|National Coffee with a Cop Day in Arlington, TX.|
|Sergeant Waltz meets with a patron, too young for coffee but ready to talk in Canton, MI.|
On October 7th, police officers and community members came together for National Coffee with a Cop Day. Conversation topics took on different tones in different communities, ranging from concern about police-involved shootings to getting to know what the day in the life of an officer looks like.
The mission of Coffee with a Cop is to break down the barriers between police officers and the people they serve, to get to know each other, to build trust, and to discover mutual goals for the community.
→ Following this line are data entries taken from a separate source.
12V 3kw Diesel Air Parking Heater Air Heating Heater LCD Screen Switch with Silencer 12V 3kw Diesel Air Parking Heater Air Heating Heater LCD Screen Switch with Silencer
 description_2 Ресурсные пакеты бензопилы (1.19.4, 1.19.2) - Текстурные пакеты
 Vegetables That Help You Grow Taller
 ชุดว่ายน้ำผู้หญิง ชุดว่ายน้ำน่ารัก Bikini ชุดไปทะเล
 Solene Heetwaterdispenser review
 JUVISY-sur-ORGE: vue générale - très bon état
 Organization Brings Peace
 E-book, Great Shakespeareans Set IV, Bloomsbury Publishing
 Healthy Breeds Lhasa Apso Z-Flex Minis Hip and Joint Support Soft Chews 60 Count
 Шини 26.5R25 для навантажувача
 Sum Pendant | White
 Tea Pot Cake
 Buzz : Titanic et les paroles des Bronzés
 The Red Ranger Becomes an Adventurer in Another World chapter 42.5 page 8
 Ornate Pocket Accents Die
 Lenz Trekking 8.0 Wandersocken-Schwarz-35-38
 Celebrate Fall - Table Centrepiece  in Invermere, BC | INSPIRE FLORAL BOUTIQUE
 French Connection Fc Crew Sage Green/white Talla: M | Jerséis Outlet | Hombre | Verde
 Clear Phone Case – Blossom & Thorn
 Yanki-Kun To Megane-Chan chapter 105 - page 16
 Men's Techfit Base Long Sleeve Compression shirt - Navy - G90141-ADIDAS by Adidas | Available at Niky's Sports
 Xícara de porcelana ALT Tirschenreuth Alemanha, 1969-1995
The Coffee with a Cop program was started by the Hawthorne, CA Police Department in 2011 to create a neutral setting where people could feel comfortable discussing whatever was on their minds with law enforcement.
This year, Coffee with a Cop events were held across the U.S. Below are a few of the many examples.
NIOT Filming Coffee With a Cop in Arlington, TX
In Arlington Texas, three tables of officers set up in a Dunkin Donuts shop. Three African American faith leaders, Reverend Ron Goines, Reverend Dwight McKissick, and his Vera McKissick, spent nearly an hour talking about the deep rift between the African American community and police over police shootings. But their remarkable conversation (to be featured in an upcoming NIOT film about Arlington) also focused on the positive relationships between the police and the African American community, and included brainstorming for action events to improve those relationships further.
Canton, Michigan police officers focused on encouraging residents to report all suspicious activity while making a clear definition as to what suspicious activity means. For instance, someone walking down the street with a hijab or turban does not define suspicious activity. Someone walking from car-to-car and looking inside in the middle of the night would be suspicious.
One woman wanted to know what she should tell her teenage sons to do if they were ever stopped by the police. Other residents had questions about parking issues, Concealed Pistol License (CPL) regulations, phone and e-mail scams, preventing crime, the Citizens Police Academy, and Ride-Along program.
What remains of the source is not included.